• AIM OF THE EXERCISE:
For this exercise, retype the lines from the one that holds "Valentino 1990' Valentino" through the one that holds "芭比娃娃儿童公主换装贴纸女孩换衣服贴画奖励" in the records below, both included, exactly and without pictures.

• DATA FOR THIS TASK:

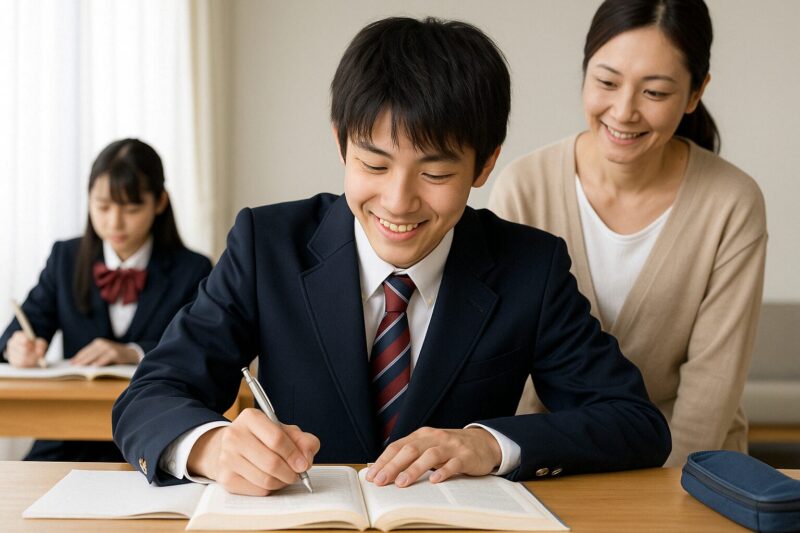 努力して勉強に取り組む中高生の様子を写した日本の写真。集中する姿と支える大人の笑顔(Photo of Japanese teen students studying with effort, showing focus and support from an adult)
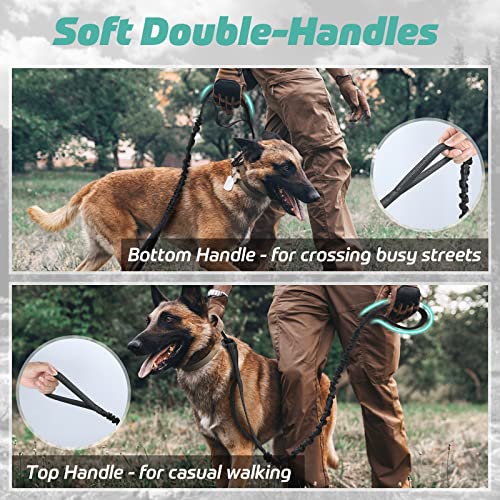 rabbitgoo Tactical Dog Leash, Heavy Duty Training Bungee Lead | Military Leash with 2 Padded Control Handles for Medium Large Dogs, No Pull for Shock Absorption, Reflective, Black, 6FT - color: Black, size: Max: 6ft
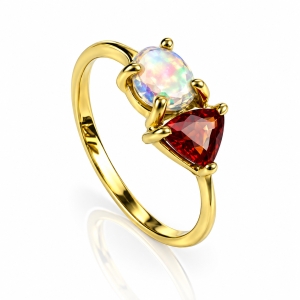Genuine Sapphire and Fire Mexican Opal Natural 14K Solid Gold Ring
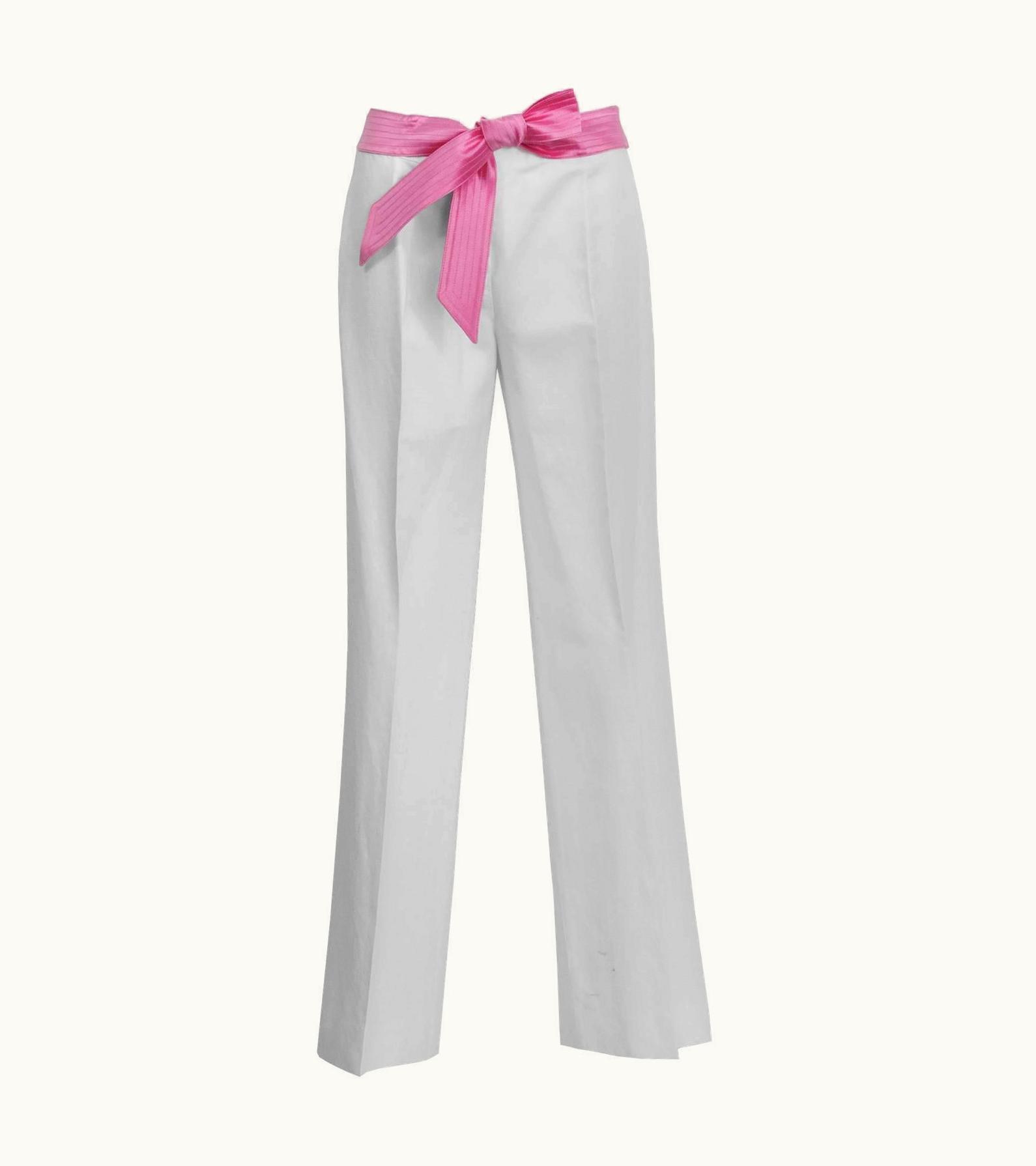 Valentino 1990' Valentino Cream Linen Trousers With Pink Ribbon Belt
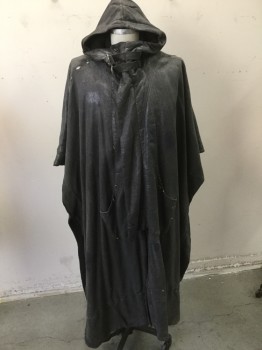 Unisex, Sci-Fi/Fantasy Cape/Cloak, DIESEL, Charcoal Gray, Black, Cotton, Solid, OS, Hooded Cape, Zip Front, Button Neck, Neck Straps with Silver Rings,  Patch Pockets, Black Jersey Lining, Distressed and Aged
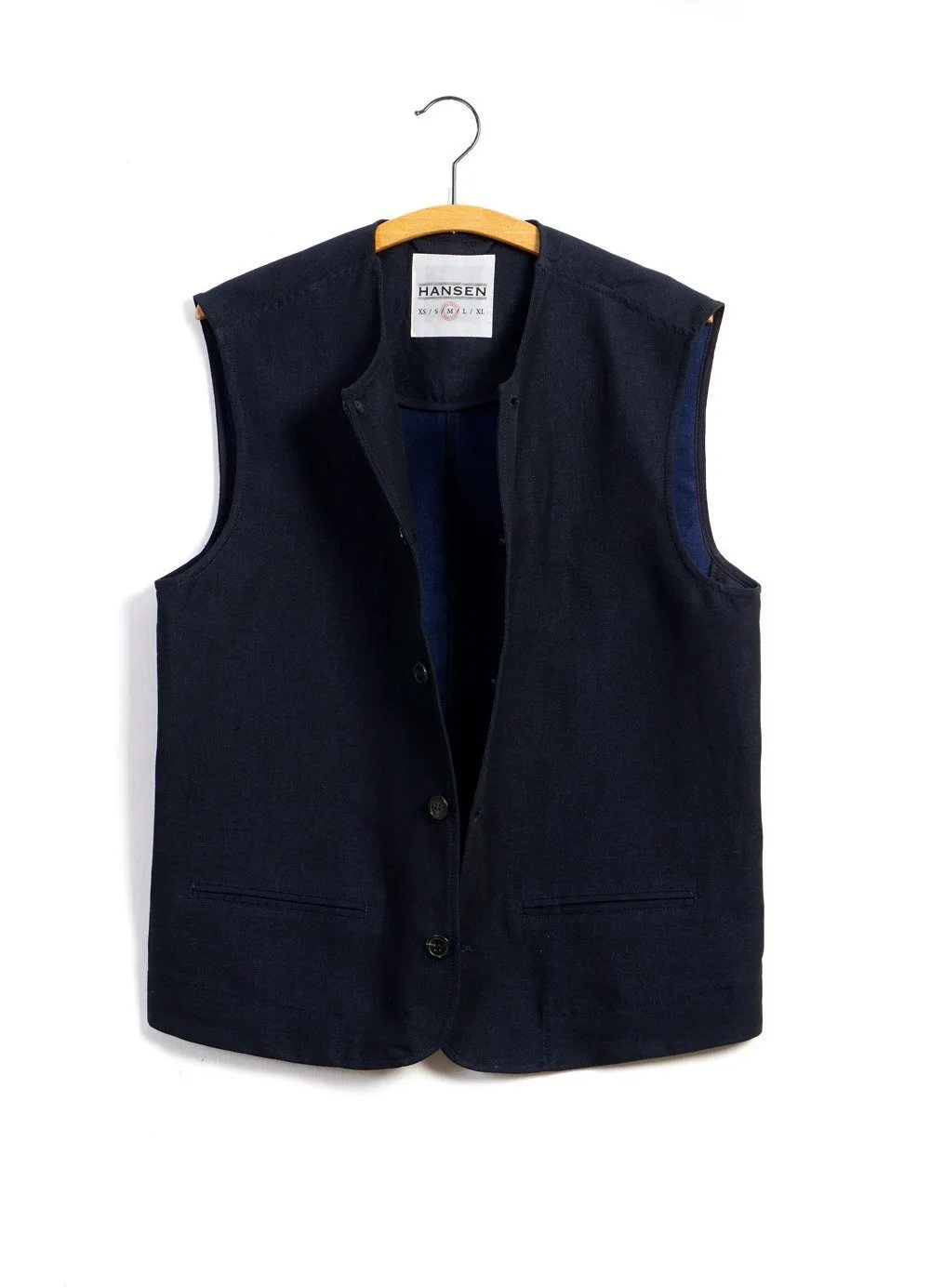 BEN | Crewneck Waistcoat | 3-Tone Blue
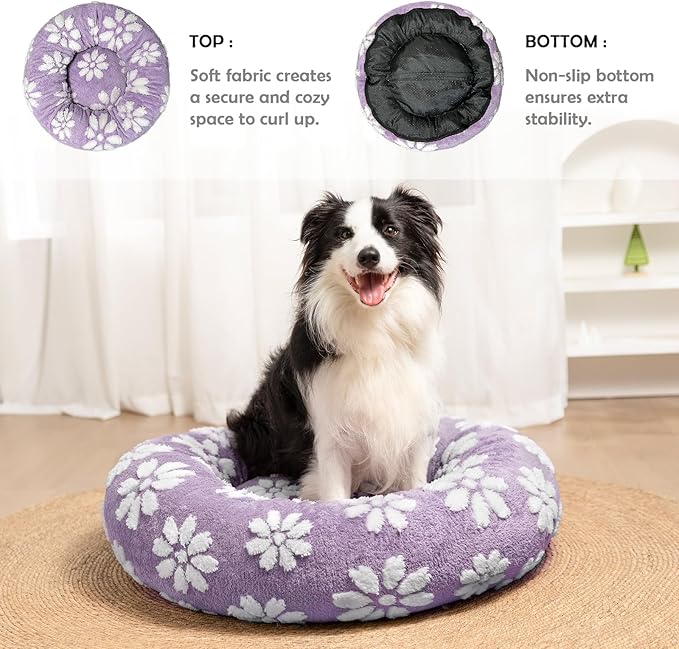 Donut Dog Beds for Medium Dogs, Calming Round Cat Beds for Indoor Cats, Cute 3D Textured Flower Pet Bed with Removable Washable Cover and Anti-Slip Bottom（Purple，30"）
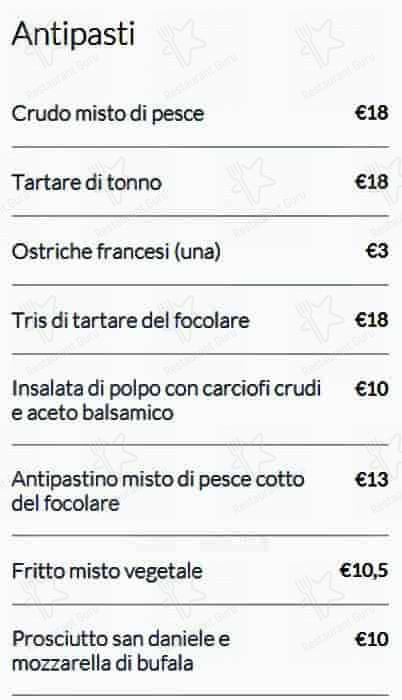 Menu de Il Focolare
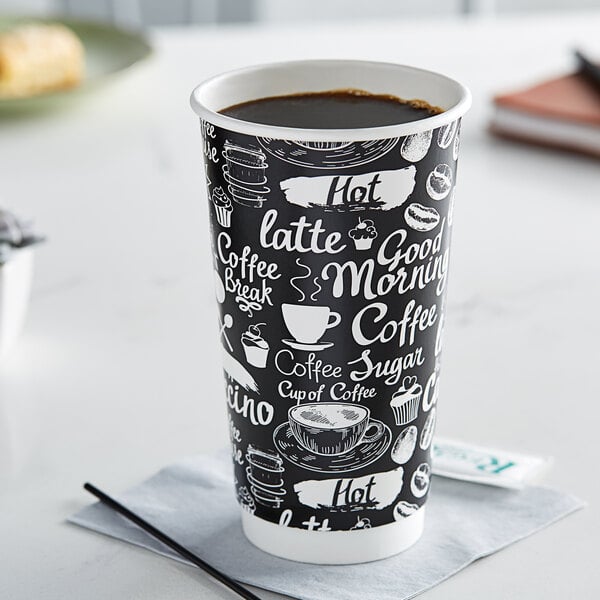 Choice 20 oz. Coffee Break Print Smooth Double Wall Paper Hot Cup and Lid -  100/Pack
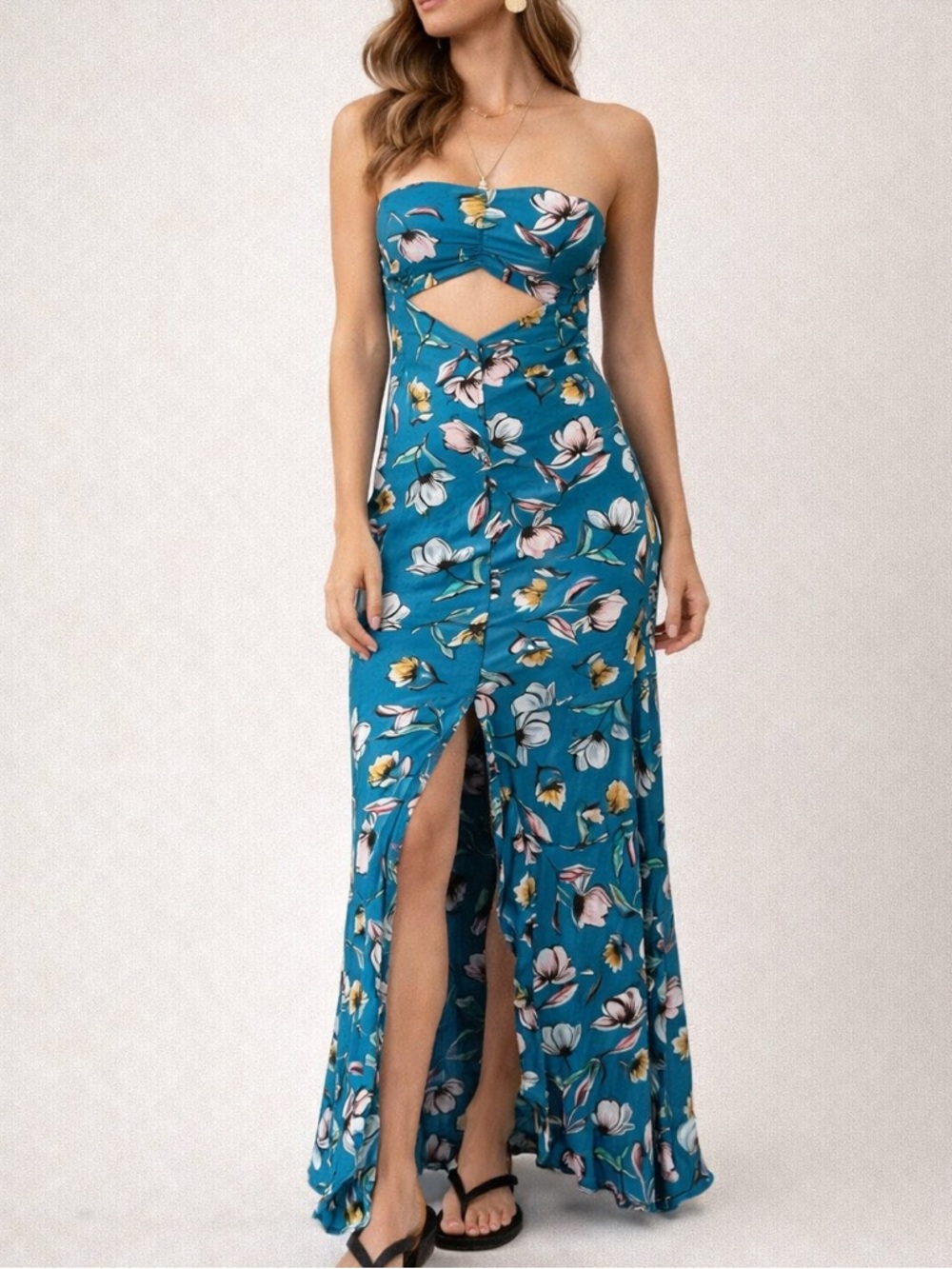 Teal Floral Maxi Dress
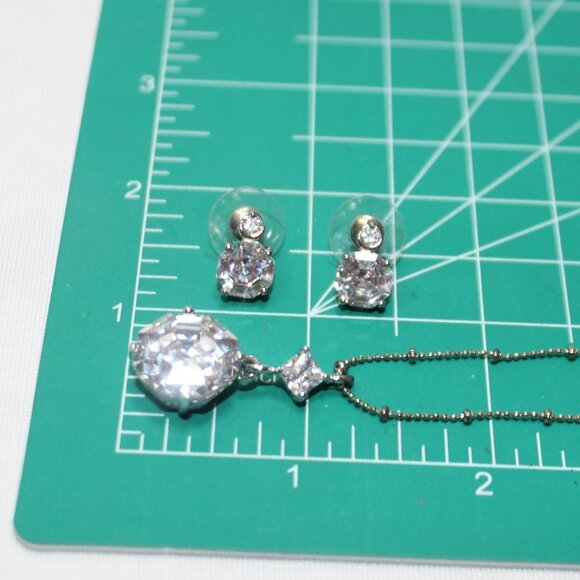 Large CZ and Silver Necklace and Earring Set - Picture 11 of 15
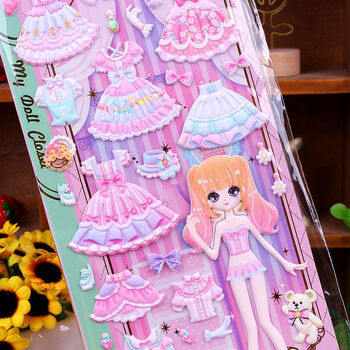 芭比娃娃儿童公主换装贴纸女孩换衣服贴画奖励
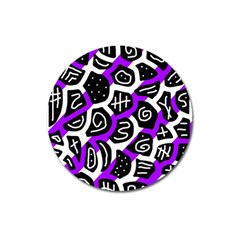 Purple Playful Design Magnet 3  (round)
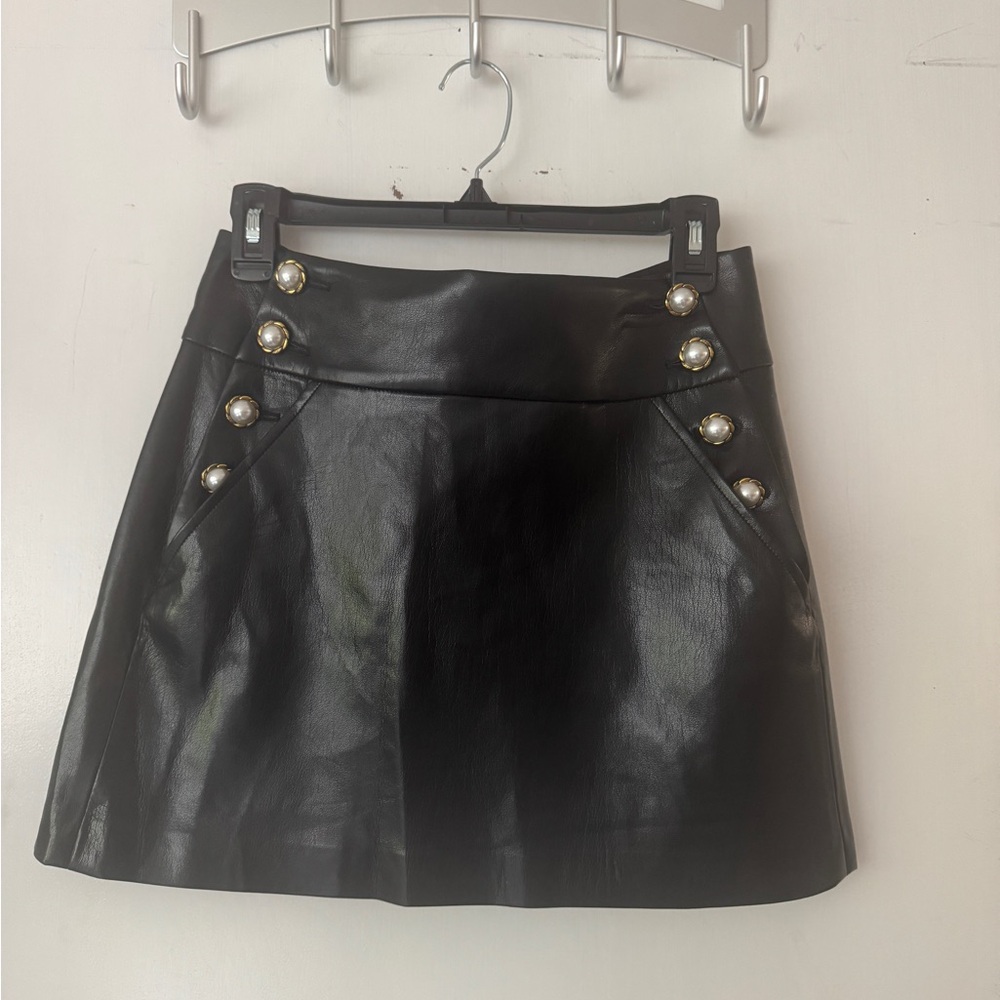 Alice + Olivia Donald Faux-Leather Miniskirt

• ANSWER FOR THE TASK:
 Valentino 1990' Valentino Cream Linen Trousers With Pink Ribbon Belt
 Unisex, Sci-Fi/Fantasy Cape/Cloak, DIESEL, Charcoal Gray, Black, Cotton, Solid, OS, Hooded Cape, Zip Front, Button Neck, Neck Straps with Silver Rings,  Patch Pockets, Black Jersey Lining, Distressed and Aged
 BEN | Crewneck Waistcoat | 3-Tone Blue
 Donut Dog Beds for Medium Dogs, Calming Round Cat Beds for Indoor Cats, Cute 3D Textured Flower Pet Bed with Removable Washable Cover and Anti-Slip Bottom（Purple，30"）
 Menu de Il Focolare
 Choice 20 oz. Coffee Break Print Smooth Double Wall Paper Hot Cup and Lid -  100/Pack
 Teal Floral Maxi Dress
 Large CZ and Silver Necklace and Earring Set - Picture 11 of 15
 芭比娃娃儿童公主换装贴纸女孩换衣服贴画奖励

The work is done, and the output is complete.